The Canadian railroad has targeted $1.8 billion in savings, with lower operating costs and tax savings. CP most recently had an operating ratio of 59.8, 10 percentage points better than NS’ industry-worst level among Class 1 railroads. Norfolk in its earlier comments has rebuffed the Canadian offers, saying that the U.S. company has its own plan to lower operating costs and boost profits.
Operating ratio measures expenses as a percentage of revenue.
Norfolk also attacked other features of Canadian Pacific’s proposal, including its plan to put CP in a voting trust and shift Harrison to the CEO’s chair at Norfolk, while also disputing the Canadian carrier’s push for face-to-face talks.
“There is no basis to meet until you both make a compelling offer and address the regulatory issues, which you have the ability to do by seeking a declaratory order,” Squires and Lear said.
The Canadian carrier has said the U.S. Surface Transportation Board declaratory order process to determine whether a voting trust is suitable for the deal isn’t needed because there already is a pattern of the agency’s approval of voting trusts such as the one CP is planning to create.

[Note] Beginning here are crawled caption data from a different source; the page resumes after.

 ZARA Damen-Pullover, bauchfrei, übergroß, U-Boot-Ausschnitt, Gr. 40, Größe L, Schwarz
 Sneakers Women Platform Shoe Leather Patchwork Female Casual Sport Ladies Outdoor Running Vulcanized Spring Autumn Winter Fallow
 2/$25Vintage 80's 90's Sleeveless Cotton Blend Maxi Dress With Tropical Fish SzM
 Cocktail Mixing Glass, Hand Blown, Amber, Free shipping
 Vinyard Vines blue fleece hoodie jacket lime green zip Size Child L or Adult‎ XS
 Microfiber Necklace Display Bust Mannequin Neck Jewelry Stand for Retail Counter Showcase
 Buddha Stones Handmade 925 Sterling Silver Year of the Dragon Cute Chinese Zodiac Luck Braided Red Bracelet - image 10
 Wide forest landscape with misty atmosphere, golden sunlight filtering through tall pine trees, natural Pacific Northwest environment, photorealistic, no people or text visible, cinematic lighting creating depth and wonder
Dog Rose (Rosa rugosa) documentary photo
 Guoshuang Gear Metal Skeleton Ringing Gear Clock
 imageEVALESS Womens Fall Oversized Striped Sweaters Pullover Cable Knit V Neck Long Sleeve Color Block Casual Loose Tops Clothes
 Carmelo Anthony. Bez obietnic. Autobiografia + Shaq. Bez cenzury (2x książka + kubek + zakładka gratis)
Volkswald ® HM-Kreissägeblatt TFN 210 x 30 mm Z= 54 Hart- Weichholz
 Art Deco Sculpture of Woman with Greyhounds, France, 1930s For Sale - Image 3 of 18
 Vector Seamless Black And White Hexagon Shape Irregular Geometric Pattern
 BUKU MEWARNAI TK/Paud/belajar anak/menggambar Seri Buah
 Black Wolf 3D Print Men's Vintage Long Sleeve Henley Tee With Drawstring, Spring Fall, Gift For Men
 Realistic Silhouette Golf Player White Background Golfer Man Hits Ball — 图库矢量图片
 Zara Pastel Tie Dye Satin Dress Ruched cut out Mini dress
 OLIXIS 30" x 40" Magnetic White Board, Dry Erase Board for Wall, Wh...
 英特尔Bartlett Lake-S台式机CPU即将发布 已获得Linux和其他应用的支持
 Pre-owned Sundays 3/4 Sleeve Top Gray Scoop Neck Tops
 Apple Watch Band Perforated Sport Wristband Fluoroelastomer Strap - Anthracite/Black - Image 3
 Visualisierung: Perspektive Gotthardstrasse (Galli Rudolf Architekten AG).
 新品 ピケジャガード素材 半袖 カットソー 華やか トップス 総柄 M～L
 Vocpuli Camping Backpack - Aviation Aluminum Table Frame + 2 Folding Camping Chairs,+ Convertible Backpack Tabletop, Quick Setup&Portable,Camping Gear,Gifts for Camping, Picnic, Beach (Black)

The voting trust approach has been used in prior merger cases at STB to prevent a buyer from exercising control over multiple companies while the agency is reviewing the case. Norfolk contends that CP’s voting trust approach is flawed because CP will, in effect, be in control of both companies by having Harrison at NS and the rest of CP’s management in place at the Canadian railway.
Harrison last month noted that 144 voting trusts have been approved, and none has been rejected.
The two sides each have cited experts to address regulatory questions connected to the first major rail merger proposal since 1999.
In that year, Canadian National Railway and BNSF Railway agreed to combine, but abandoned their plan in the face of opposition from STB, shippers and other railroads.
Norfolk also announced cutbacks in coal operations, including the shutdown of a loading facility in Ashtabula, Ohio, and consolidation of thermal coal shipments from Ohio, West Virginia and Maryland at a dock in Sandusky, Ohio. The Ashtabula move is a response to coal business that has fallen off for both Norfolk and eastern U.S. competitor CSX Corp. as a result of low natural gas prices and other factors. NS coal revenue in three quarters of this year is down nearly 25%.
The coal pier changes are affecting 34 jobs in Norfolk’s workforce, or about one-tenth of 1% of its total workforce. Capital and operating costs also will be reduced, but the statement didn’t say by how much.